中でも大きなことと言えばカルデアの従業員が増えたことだ。それも十数人単位で。

 

 聖杯と呼ばれる物により、本来の流れとは異なり改変されつつある歴史を、実際にそこへ訪れ修正する。字面だけはさも簡単そうに見えるが、やっていることはバックトゥザフューチャーである。それ以上にたちが悪いのは、立香に原因がないである。全くの無関係と言っても過言では無い。おまけに死にかけるような危険が一杯である。

 

 全部、ソロモンとか名乗るヘブライ野郎の仕業である。立香のヘブライ嫌いが加速したのは、言うまでもないことである。同時に、ロマン=ヘブライ人

 

 ヘブライ野郎に対抗するために、立香たちカルデア陣営はサーヴァントを使役することにした。

 

 サーヴァント、それは魔術師たちの間では非常に一般的な存在である。使い魔とも訳されるそれは、その名の通りに契約者の目となり耳になり、時に剣や盾になる存在である。

 

 つまり、本来であれば非常に扱いやすい存在のハズである。本来であれば。

 

 カルデアにて召喚、使役するサーヴァントは星の歴史に刻まれた英雄である。過去の偉人を魔術により用意した器に降霊させるのである。

 

 器の関係上、生前のスペックを再現することはできない。ただ、その魂レベルに刻まれた性質、性格を再現するのに器は関係ないのである。

 

 端的に言うと、新たな地雷が大量に設置されたことに他ならない。

 

 

 

 

 

 

 

『ケース壱』

 

 なし崩し的にサーヴァントたちのマスターをすることになった、藤丸立香は久々の休日をベッドの上で過ごしていた。その顔は普段以上に崩れただらしない物となっていた。

 

 立香にとってベッドだけが最後の拠り所なのだ。ただでさえ頭が可笑しくなったとしか思えないオカルトの集中砲火を耐え、死を覚悟するような出来事を乗り越える。常識が摩耗して塵になるような日々の中で、このベッドの柔らかさだけは変わらずに立香を迎えてくれるのだ。

 

 ベッドと結婚する、とまでは言わないのは、きっと今は未だ耐えきれているからだ。既に秒読みのカウントが来ているのは想像に難くない。

 

 そんな安らぐ日々は、後輩の襲来により粉砕された。

 

「先輩!酒吞さんと頼光さんが台所で―――」

 

「立香さんあっとまーくがんばらない」

 

 わざとらしく、そんな声を出して、布団を被って聞かない体勢に立香は入っていた。

 

 先輩しか何とかできないんです、とか言って布団を剥ごうとする後輩に対して、立香は意地でも離さないと布団に包まって抵抗した。
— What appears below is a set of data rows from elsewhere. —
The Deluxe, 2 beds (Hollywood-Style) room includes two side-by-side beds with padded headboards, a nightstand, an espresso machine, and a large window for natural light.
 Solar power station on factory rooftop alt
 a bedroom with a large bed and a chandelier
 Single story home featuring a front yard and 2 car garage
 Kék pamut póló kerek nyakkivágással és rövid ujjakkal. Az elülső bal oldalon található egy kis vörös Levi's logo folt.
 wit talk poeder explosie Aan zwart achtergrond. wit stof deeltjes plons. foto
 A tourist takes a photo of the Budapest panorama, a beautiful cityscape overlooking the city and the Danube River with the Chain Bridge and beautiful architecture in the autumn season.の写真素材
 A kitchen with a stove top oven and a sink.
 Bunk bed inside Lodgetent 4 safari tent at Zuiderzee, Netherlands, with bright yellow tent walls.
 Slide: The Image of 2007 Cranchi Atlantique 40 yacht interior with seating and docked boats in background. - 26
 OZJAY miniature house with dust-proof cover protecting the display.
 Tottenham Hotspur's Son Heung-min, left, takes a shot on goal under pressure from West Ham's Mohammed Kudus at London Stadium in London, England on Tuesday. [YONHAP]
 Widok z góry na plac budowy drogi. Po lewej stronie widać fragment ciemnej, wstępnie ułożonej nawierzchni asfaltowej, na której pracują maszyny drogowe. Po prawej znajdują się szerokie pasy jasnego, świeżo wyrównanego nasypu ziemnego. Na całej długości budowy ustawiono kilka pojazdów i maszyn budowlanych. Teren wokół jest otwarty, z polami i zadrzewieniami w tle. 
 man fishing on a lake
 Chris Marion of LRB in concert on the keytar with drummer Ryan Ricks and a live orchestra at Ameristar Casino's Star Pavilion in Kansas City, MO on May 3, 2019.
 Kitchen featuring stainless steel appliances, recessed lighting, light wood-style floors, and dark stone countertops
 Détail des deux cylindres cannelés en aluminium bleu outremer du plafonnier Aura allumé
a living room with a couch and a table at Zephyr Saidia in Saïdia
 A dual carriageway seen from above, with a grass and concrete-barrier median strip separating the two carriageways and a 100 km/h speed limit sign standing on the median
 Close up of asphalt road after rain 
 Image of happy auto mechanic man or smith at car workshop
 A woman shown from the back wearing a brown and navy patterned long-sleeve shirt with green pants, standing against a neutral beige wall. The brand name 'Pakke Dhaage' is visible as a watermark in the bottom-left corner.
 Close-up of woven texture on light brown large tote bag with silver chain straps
ベッドに潜むは我らの得手なり、と言わんばかりの完全なるダメ人間スタイルである。

 

「ほら、先輩の特技だったじゃないですか、タップダンス!」

 

 中々痛い所を付くようになった後輩だと立香は思った。確かに、誰が見ても明らかな地雷である。そこで踊らない、と言うのは立香の矜持に反する。言うべき答えはただ一つ。

 

「それはそれ、これはこれだよ、マシュ君。分かるかね」

 

 ベッドの魅力の前には矜持など糞の役にも立たないのである。決め顔が台無しである。

 

 それでも尚も立香の布団を剥ごうとするマシュに立香は痺れを切らした。マシュの手を除けて自分から布団を捲った。やっと先輩も動いてくれる、そう思ったのも束の間、立香は瞬間的にマシュの手を掴み、ベッドに引きずり込んだ。そのまま布団に一緒に包まれ、ちょっ先輩と言うくぐもった声をあげながらじたばたを動いていたが、やがて静かになった。

 

 どんなに五月蠅い奴でも取り込んで黙らせればいいのである。外に恐ろしきはハエトリグサのような立香の手癖である。これが初犯でないことは誰の目にも明らかであった。

 

 数分後、酒吞童子と源頼光が立香の部屋に入ってきて、この光景を見て怒り狂ったのも言うまでもない事だった。

 

 後日、ご機嫌取りに鬼の酒注ぎに従事する着物の若い給仕の姿があった。

 

 また、日付をずらすと一日中ずっと武人の女性にあらゆる行動を甲斐甲斐しく世話させられ続ける姿を見たとか。

 

 

 

 

 

 

 

 

『ケース弐』

 

 

 藤丸立香の朝は早い。それは何も今日に限った話ではない。いつも朝食の時間よりもだいぶ早い時間に目を覚ます。そこには一つの日課が関係していた。

 

 カルデア内の区画に教会と呼ばれる小さな講堂がある。元々はサーヴァントたちの中にいる、キリスト教徒の為に作られたものである。

 

 立香は別にキリスト教徒と言う訳ではない。確かに事あるごとに、色々な宗教に勧誘されることはあるのは事実だ。ヒンドゥーだとか神道だとか、仏教などなど挙げればきりがない。それこそ、サーヴァントの数だけ勧誘されると言っても良い。中には、私を崇めるわよね、と言われ反射的に崇める対象を指定されたこともある。無論、断ることが出来ず、宗教としては無所属なのに、無神論者ではないということになっていた。

 

 立香としては日本と言う宗教の催事が色々なごった煮文化となっている国で過ごしていたこともあり、宗教に入ることに抵抗はないが魅力も感じていなかった。

 

 そんな彼女が何故、教会に行くのかと言うと、それは懺悔室が目的だった。

 

 懺悔室。キリスト教、特有の施設である。己が罪を告白する、それは贖罪の一つとされた。

 

 本来であれば、神父に対して行われることだが、生憎とこのカルデアにいる神父の数は少ない。そのため、サーヴァントたちの中で生前キリスト教徒だった者が交代制で駐在し、神父の代わりをして、負担を軽減している。つまり、なんちゃって懺悔室である。勿論、正真正銘の神父が担当しているときは普通の懺悔室であるが。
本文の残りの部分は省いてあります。